YOUR INSTRUCTIONS -> Where does the string "Mercedes" appear in the records? Copy each line that holds it.
=== Begin Enclosure ===
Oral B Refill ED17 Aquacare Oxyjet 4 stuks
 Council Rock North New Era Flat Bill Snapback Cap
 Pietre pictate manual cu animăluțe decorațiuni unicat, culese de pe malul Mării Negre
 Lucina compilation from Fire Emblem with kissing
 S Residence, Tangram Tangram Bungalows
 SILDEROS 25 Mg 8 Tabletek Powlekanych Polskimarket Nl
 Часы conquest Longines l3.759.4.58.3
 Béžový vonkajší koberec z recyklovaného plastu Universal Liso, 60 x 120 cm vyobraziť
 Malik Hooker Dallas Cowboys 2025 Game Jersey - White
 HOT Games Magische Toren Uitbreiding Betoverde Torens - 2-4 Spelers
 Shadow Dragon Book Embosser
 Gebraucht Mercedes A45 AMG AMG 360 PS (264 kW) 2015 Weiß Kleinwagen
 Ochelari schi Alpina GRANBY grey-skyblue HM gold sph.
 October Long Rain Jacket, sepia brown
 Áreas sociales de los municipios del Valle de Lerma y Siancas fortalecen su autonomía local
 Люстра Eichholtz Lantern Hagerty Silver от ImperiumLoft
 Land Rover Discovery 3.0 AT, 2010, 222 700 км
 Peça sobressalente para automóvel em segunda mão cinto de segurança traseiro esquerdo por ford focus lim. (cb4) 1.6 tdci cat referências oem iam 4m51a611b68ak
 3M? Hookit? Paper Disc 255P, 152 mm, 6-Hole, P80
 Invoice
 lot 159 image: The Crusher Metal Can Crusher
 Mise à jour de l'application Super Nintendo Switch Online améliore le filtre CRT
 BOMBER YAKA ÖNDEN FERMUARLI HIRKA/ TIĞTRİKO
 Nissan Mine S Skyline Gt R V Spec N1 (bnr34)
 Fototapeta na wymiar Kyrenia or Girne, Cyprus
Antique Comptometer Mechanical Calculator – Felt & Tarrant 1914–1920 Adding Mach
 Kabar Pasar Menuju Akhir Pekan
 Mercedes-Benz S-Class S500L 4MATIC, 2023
=== End Enclosure ===
EXERCISE SOLUTION ->
 Gebraucht Mercedes A45 AMG AMG 360 PS (264 kW) 2015 Weiß Kleinwagen
 Mercedes-Benz S-Class S500L 4MATIC, 2023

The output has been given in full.